5. You’ve busked and been a club booking agent and taught piano while working for your breakthrough. What advice do you have for aspiring performers?

As far as busking goes, just do it. It sounds cliché, but I struggled with a lot of fear. It took me a long time to submit my audition tape to MUNY, but nothing would have stopped me from just taking a keyboard into the subway and playing. So for busking, you’re never going to know if it’s right for you unless you try.

Also, your intention as a performer has to come from a pure place. If you’re not doing it for the right reasons, people sniff out the insincerity of your performance. You can tell when musicians are passionate about their art. So maybe the most important advice is to be true to yourself. If you want to push forward, spread a message or give your gift back, you have no other choice than to say what you have to say.

6. Was there a performer who made you want to become a musician?

My stepfather was my earliest influence because he taught me how to play the piano. I didn’t initially take to it. I was steeped in a lot of cool music because it was the early ’70s, so I would listen to my parents’ soul, funk, Motown, blues… a lot of great genres. My step-dad, John Seiter, was a drummer who played with the Turtles, Spanky and Our Gang, Odetta, John Sebastian, the Mothers and all sorts of great bands. I just got a glimpse of the high point of his career as he was transitioning out of it.

7. Which songwriters have influenced you the most?

Stevie Wonder is my number one. I grew up listening to Fulfillingness’ First Finale and Songs In the Key of Life, but the thing I didn’t get until I was in high school is the energy and passion he was able to convey in that music, and the idea that it had a spiritual element. He had an open channel to a higher source. As a songwriter, you are trying to be a channel. Sure, you create the song, but it is coming through you.

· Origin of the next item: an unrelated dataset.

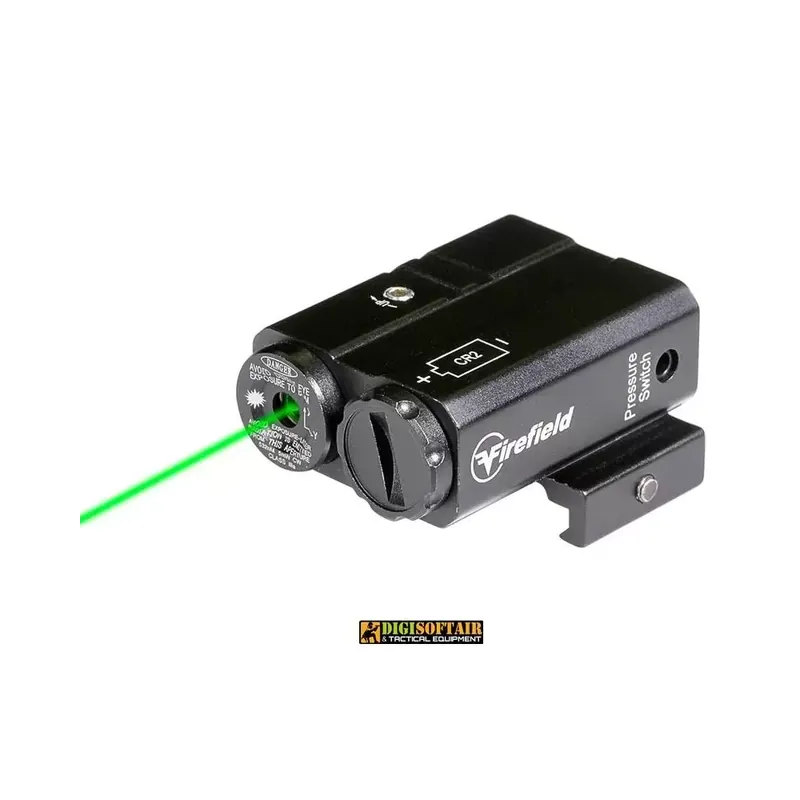 Charge AR Green Laser Firefield FF25007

To keep that channel open, you need to try to stay present and awake and aware, which can be challenging. Living in the now. If you enjoy escaping through all the various escape routes — drinking, partying… Then your body’s not going to feel so good. Creatively, it’s, well, what you consume in that aspect of your life, too. What you read, what the see, what content you absorb. That all has something to do with what you produce as an artist.

8. What are you favorite albums?

My favorite albums are Songs In the Key of Life, Dr. John’s Gumbo and anything by Ray Charles. Also, anything by Billy Joel or Elton John. Their body of work is tremendous.

9. Is there something you’d like to be able to explore in a song that you haven’t?

So much. I really want to get into expressing my journey, the life I have led, and the wisdom I’ve accrued. I guess I’d like to create an autobiography of sorts in song. I feel every 10 years of my life is a lifetime in itself. I’ve had so many transformations. I was a really troubled kid and had a tough time until I emerged. All the choices I’ve made and the places they’ve led me… I’d like to capture that.

Also, I just want to rely on being a channel — being open enough to let whatever comes through come through. Billy, in one of his classes, loosely quoted Tom Waits: “You have to lie really still to wait for the big ones.” That’s hard in our society. There’s a strong current that’s the mainstream, and it’s full of garbage. You have to try not to get pulled into it.

10. Why did you choose BMI?

Because of Billy. I didn’t know anything about BMI or any of the other organizations, but since I’d just gone though a BMI songwriting course I figured I’d go with BMI. I did some research after that and found that BMI is well respected and everybody I’ve had interactions with at BMI has been really nice. The whole process has been a pleasure. I’m just getting started, but I think BMI’s services will bear fruit.